___ Input records

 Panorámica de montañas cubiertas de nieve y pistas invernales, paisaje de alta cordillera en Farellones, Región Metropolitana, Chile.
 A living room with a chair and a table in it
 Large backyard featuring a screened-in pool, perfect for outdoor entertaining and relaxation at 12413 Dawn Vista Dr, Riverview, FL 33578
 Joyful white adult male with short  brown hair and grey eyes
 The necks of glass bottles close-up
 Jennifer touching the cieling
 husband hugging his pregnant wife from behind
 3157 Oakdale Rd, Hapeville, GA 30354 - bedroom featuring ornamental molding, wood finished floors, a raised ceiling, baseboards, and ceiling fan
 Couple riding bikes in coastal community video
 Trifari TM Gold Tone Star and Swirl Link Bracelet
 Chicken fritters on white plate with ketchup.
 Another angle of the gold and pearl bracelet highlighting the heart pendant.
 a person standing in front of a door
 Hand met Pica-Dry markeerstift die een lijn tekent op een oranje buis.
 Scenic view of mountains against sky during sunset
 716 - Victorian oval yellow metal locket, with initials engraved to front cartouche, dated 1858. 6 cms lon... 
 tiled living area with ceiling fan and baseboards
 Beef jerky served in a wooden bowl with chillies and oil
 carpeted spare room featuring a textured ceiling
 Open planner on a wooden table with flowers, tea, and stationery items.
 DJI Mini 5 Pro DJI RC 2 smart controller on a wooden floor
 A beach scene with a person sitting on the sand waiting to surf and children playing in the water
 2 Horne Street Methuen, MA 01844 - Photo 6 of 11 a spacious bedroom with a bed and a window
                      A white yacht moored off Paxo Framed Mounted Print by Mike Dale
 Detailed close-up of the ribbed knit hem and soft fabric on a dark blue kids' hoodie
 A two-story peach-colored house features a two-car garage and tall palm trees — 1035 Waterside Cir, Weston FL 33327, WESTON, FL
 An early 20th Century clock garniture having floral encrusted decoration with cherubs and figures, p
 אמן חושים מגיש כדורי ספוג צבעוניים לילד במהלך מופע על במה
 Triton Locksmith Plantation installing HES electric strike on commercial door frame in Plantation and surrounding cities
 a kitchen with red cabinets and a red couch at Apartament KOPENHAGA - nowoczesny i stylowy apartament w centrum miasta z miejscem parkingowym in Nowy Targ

______

▶ **Work item**
Return each line of the preceding material in which "featuring" can be found.

▶ **Result below**
 Large backyard featuring a screened-in pool, perfect for outdoor entertaining and relaxation at 12413 Dawn Vista Dr, Riverview, FL 33578
 3157 Oakdale Rd, Hapeville, GA 30354 - bedroom featuring ornamental molding, wood finished floors, a raised ceiling, baseboards, and ceiling fan
 carpeted spare room featuring a textured ceiling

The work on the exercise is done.